Thursday, April 05, 2007

True Freedom



RESURRECTION FREEDOM

By Harmony Grant


Passover arrives each year with the sunlit blossoms of spring, cleansed by rain. Jews in Israel mark out seven days, abstaining from work on the first and last. They eat unleavened bread and bitter herbs in memory of the hurried escape from Egypt. The Hebrews’ exodus from this land of slavery is a giant metaphor for a more personal flight: the liberation from sin that we each need more than anything else.

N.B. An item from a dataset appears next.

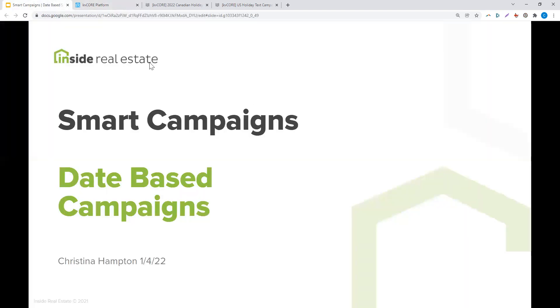Thank you for coming today to our smart campaign text-based campaign quick video.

Fyodor Dostoevsky’s Notes from Underground is a classic description of the human problem: We want to rebel. Russian rationalists said humans act in their own best interest, but the great writer disagreed. His story portrays a man driven by the need to assert himself, even destructively, for the perverse sake of Ego. Dostoevsky understood people well. We were created in the image of God, the great “I am.” From childhood, we want to assert ourselves and say, “I come first.” From this basic drive come the wars of the world, the injustice, and the spiritual poverty of our lives. Sin is the decision to act on our primal, I-come-first impulse.

When they asked, “What is our sin?” God said to the Hebrews, “You too have done evil, even more than your forefathers; for behold, each one walking according to the stubbornness of his own evil heart, without listening to Me.” 1

This is how God defined sin. He didn’t cite human emotions, instincts, or personality faults. He condemned deliberate choices to rebel against His will, preferring our own way. Paul says we are slaves of sin when we obey its evil desires, not when we merely exist in a human body. 2

The distinction matters because many influential thinkers like John Calvin said our physical body, on its own, is corrupt and infected with sin. Calvin believed we can’t be truly holy as long as we exist in our physical bodies. But the Bible describes sin as a free, conscious decision made with our eternal wills. Scripture defines sin as rebellion against the known will of God. “Therefore, to one who knows the right thing to do and does not do it, to him it is sin.” 3

Would You Go to Heaven?

How can we be saved from this relentless drive of Ego, which causes us to hurt even those we love and sin against our Maker whose will is perfect? Christ!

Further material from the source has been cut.